A couple months ago, I wrote a blog post about the 4 things you control™ starting with the breath (see my article here https://www.moonwisewisdom.com/post/what-can-you-do-when-you-feel-out-of-control-part-1-of-4). Now with Venus and Mercury retrogrades either happening or in their shadow period (see my post https://www.moonwisewisdom.com/post/celestial-weather-report-retrogrades, it feels like a good time to talk about another thing we can control, our response.
It’s important to differentiate between our responses versus our reactions. Reactions are automatic behaviors that happen without our conscious awareness, and often are the product of our learning history (the significant experiences early in our lives ranging from how our parents raise us, the friend groups we fall into, the dominant culture and subcultures we are part of, and even traumas that shape us).
Responses on the other hand, are the behaviors we choose with mindful awareness. It’s helpful to validate and understand automatic reactions and, once we have become aware of our reactions, taking the time to reflect and choose a new, supportive, and more helpful, functional response.
Responses are multilayered. We can respond differently and effectively to a situation directly, or to our own behavior towards others and ourselves, and even to our thoughts. As one example, maybe we get into a fight with someone for the many-eth time. Let’s say we usually go at it with this particular person, but we really value compassion for all. We can, at any time, notice our reaction and choose an alternative response that is more consistent with our values.
But let’s say you become aware of your own thoughts and self-talk, and recognize that they are self-critical, angry, and full of doubt.

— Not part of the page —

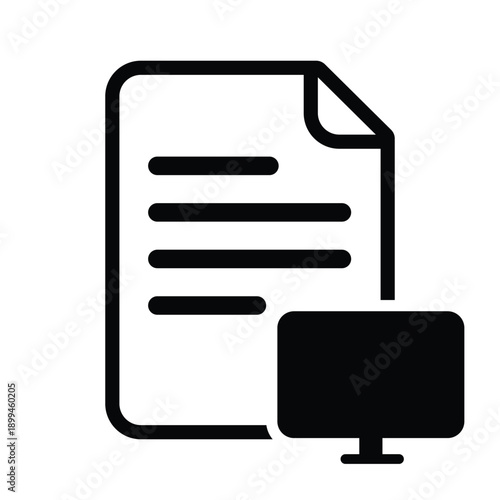 Vector line icon of a document file with a computer monitor symbol. Represents digital documentation, online reporting, electronic filing, and workstation data management.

We now have the opportunity to switch up our thought pattern by appreciating how we feel as completely understandable, and choose to respond to the self-critical, angry, and doubt-filled thoughts with compassion and kindness.

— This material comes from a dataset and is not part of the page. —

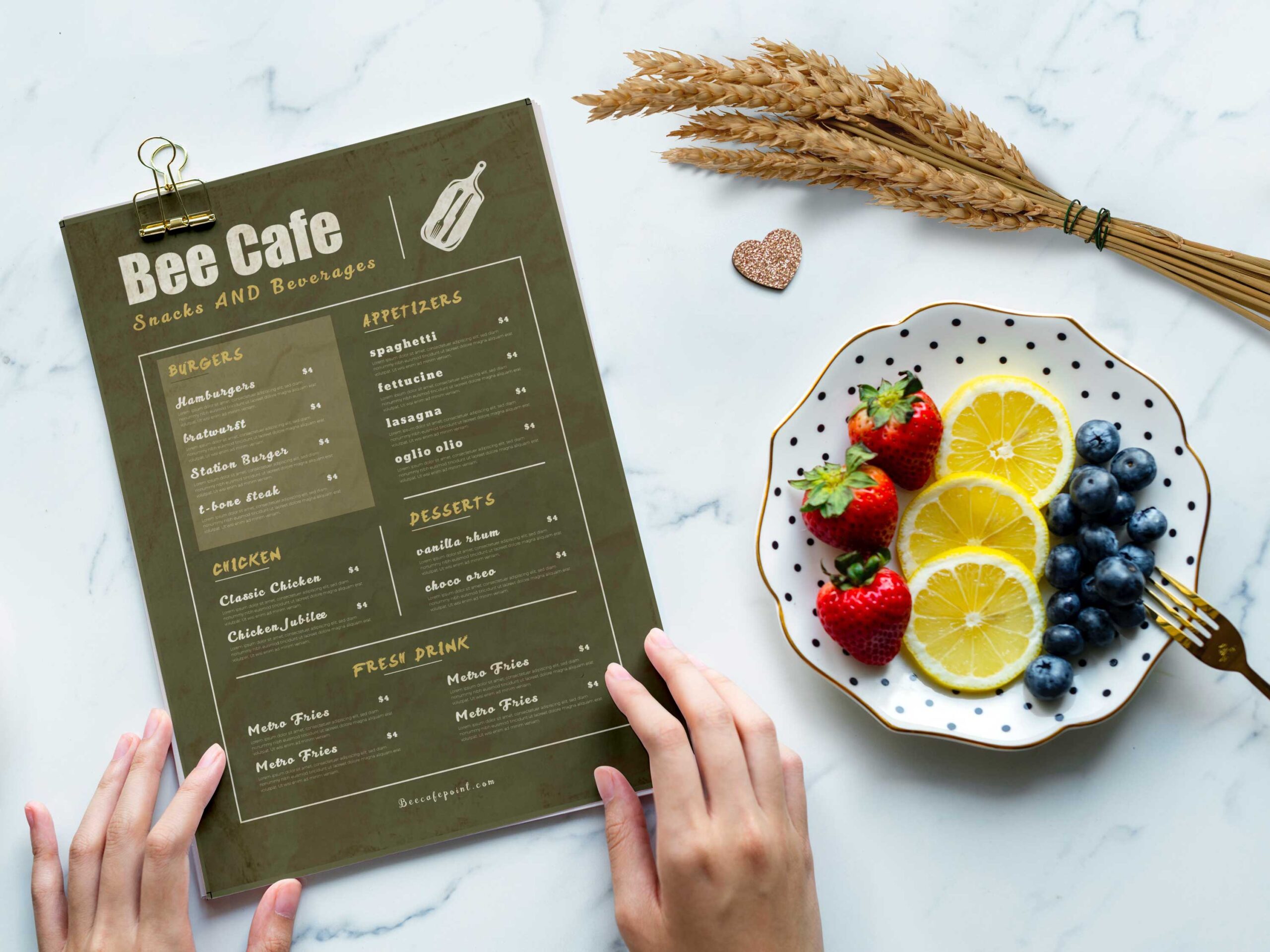 Beer Cafe PSD Menu Design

I really like the technique of responding to painful thoughts of any kind like you are talking to a loved one, a child, or even your younger self. What would you say to a loved one or a child who was hurting or who had made a mistake? And when we change our response to situations, behavior, and our thoughts, we change how we feel. We use what we can control (the “outside” stuff—anything outside of our emotions) to change how we feel on the inside (outside-in approach). See this article on Cognitive Behavioral Therapy and the “CBT triangle” of behaviors, thoughts, and feelings here: https://www.thecounselingpalette.com/post/7-magical-steps-in-cognitive-behavioral-therapy-or-cbt-change-your-thoughts-change-your-feelings
Even if the painful thoughts continue, the experience feels somewhat softer when we respond with kindness. And over time, we change how we feel and become more empowered and trusting of our own inner wisdom. So this is my invitation to you: even if everything feels out of your control, take a deep breath, observe your response to your experience, behavior, and thoughts, and choose to respond with kindness and compassion.